Add support for image response content in MCP tool calls

Background

The Model Context Protocol (MCP) specification supports multiple content types in tool responses, including:

Text content: Content::text(string) - for textual responses
Image content: Content::image(base64_data, mime_type) - for image responses
Audio content: Content::audio(base64_data, mime_type) - for audio responses
Resource content: for embedded resources
Resource links: for linking to external resources

Currently, rmcp-openapi only returns text content (Content::text()) for all API responses, even when the OpenAPI endpoint returns image data.

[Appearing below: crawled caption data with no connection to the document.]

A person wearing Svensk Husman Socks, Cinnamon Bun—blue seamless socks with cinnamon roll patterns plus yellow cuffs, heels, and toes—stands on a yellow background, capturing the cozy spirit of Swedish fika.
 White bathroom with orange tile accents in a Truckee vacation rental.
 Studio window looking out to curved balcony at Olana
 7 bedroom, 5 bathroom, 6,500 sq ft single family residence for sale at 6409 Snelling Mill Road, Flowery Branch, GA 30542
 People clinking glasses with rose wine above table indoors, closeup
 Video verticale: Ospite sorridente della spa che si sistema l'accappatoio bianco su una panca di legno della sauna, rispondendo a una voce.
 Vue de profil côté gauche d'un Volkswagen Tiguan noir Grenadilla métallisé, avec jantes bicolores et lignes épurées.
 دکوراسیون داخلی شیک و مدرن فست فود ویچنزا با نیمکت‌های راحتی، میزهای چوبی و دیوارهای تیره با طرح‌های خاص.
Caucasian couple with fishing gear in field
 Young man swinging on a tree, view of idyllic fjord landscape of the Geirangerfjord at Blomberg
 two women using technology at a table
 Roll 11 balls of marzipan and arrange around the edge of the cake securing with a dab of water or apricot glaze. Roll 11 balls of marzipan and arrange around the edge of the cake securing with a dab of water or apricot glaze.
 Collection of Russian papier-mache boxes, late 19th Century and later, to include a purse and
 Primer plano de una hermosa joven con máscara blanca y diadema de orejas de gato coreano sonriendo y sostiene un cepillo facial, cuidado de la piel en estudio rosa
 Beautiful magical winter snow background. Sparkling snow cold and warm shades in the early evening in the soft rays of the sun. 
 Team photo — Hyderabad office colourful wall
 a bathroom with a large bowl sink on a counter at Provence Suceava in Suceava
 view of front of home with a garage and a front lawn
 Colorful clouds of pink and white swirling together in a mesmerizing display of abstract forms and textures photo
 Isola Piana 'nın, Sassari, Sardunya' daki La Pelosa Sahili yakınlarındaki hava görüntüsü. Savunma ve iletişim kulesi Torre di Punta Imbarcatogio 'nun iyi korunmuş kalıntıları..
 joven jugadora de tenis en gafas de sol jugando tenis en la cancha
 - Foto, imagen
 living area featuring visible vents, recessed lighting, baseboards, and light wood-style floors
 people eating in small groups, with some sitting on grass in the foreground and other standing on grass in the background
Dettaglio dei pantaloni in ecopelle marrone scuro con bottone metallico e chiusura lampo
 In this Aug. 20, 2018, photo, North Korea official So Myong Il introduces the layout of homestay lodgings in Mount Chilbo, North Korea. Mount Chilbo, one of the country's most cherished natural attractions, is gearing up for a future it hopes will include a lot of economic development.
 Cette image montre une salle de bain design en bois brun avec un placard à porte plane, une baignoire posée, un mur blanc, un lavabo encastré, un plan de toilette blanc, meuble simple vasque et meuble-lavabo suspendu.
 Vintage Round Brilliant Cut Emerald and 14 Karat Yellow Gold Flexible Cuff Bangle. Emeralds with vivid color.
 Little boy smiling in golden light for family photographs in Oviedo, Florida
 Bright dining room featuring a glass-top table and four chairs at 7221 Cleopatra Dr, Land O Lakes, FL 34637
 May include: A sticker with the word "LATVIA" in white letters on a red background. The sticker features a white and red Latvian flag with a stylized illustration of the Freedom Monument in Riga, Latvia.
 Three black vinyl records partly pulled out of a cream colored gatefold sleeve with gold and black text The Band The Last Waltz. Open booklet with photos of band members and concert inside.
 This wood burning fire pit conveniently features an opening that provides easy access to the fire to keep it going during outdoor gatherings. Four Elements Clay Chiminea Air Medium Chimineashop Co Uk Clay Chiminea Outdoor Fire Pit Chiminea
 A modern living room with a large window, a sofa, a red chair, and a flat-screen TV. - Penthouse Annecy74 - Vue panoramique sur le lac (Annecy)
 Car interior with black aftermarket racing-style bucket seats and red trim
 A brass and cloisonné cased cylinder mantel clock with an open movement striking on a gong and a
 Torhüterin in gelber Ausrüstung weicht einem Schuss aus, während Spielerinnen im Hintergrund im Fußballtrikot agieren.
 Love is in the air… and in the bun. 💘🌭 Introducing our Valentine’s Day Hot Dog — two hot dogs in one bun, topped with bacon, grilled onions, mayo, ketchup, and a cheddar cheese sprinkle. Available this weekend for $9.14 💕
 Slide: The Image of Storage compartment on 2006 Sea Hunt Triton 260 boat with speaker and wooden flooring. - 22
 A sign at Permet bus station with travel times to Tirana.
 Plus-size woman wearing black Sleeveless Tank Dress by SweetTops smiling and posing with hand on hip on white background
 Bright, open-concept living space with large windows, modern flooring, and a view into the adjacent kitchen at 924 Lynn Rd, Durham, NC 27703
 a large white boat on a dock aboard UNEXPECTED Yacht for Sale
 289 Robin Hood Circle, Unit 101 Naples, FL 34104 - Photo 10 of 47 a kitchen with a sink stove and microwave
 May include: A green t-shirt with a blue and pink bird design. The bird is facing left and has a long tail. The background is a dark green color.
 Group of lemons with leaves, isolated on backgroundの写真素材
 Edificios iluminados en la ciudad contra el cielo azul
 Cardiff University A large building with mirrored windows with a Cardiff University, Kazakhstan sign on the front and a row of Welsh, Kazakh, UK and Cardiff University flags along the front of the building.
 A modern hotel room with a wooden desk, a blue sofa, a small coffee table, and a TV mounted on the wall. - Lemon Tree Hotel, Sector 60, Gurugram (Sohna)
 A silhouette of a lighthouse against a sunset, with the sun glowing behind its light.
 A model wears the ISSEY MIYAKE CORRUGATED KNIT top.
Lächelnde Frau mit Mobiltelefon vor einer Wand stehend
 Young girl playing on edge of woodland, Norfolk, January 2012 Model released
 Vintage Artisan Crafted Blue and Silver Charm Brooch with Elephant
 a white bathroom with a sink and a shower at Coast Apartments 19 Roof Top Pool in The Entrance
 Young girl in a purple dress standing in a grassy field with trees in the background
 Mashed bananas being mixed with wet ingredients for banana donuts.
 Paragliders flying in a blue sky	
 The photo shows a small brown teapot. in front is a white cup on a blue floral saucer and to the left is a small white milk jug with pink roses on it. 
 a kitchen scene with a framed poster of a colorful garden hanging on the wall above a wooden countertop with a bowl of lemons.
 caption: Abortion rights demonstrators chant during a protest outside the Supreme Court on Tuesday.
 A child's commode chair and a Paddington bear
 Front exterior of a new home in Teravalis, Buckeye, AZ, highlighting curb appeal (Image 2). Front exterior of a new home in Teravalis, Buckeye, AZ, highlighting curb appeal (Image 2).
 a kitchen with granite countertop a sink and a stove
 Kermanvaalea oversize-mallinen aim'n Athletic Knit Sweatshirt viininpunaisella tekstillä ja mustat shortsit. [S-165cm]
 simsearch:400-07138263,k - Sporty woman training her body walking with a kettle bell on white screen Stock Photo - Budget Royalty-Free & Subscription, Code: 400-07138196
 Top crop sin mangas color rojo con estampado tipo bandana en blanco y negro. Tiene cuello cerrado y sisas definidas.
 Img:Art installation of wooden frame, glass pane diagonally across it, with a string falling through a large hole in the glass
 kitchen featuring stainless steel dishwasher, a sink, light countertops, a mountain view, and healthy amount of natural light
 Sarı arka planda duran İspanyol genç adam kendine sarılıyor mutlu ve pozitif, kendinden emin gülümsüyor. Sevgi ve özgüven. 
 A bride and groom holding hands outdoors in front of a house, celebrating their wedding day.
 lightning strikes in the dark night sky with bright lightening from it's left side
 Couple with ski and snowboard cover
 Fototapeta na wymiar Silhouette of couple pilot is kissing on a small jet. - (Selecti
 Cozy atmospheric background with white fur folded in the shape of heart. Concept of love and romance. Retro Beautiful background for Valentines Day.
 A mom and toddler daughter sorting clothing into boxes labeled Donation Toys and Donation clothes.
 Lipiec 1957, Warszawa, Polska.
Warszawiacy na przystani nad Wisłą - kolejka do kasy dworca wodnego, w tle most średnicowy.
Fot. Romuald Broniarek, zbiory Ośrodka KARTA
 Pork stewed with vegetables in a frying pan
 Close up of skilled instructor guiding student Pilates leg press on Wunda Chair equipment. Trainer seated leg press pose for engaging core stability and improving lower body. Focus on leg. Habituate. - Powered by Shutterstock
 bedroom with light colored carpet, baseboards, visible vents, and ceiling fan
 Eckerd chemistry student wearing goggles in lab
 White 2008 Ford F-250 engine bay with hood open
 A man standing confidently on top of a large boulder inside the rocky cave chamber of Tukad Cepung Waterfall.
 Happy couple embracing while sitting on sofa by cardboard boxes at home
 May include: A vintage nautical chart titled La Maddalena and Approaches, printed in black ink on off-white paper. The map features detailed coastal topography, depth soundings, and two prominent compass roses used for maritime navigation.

This means image-returning endpoints cannot properly display their visual content to AI assistants.

Current Behavior

When an OpenAPI endpoint returns an image (e.g., GET /images/{id} with Content-Type: image/png):

The HTTP client calls response.text().await which attempts to decode bytes as UTF-8
The tool returns Content::text(response.to_mcp_content()) with malformed text
The AI assistant receives corrupted text instead of a displayable image

Location: crates/rmcp-openapi/src/tool/mod.rs:124

Desired Behavior

When an OpenAPI endpoint returns an image:

The HTTP client detects the image MIME type from the Content-Type header
The response bytes are retrieved and base64-encoded
The tool returns Content::image(base64_data, mime_type)
The AI assistant receives properly formatted image content it can display

Technical Approach

Phase 1: Detect Content Type

File: crates/rmcp-openapi/src/http_client.rs

Add content_type: Option<String> field to HttpResponse struct (line 633-644)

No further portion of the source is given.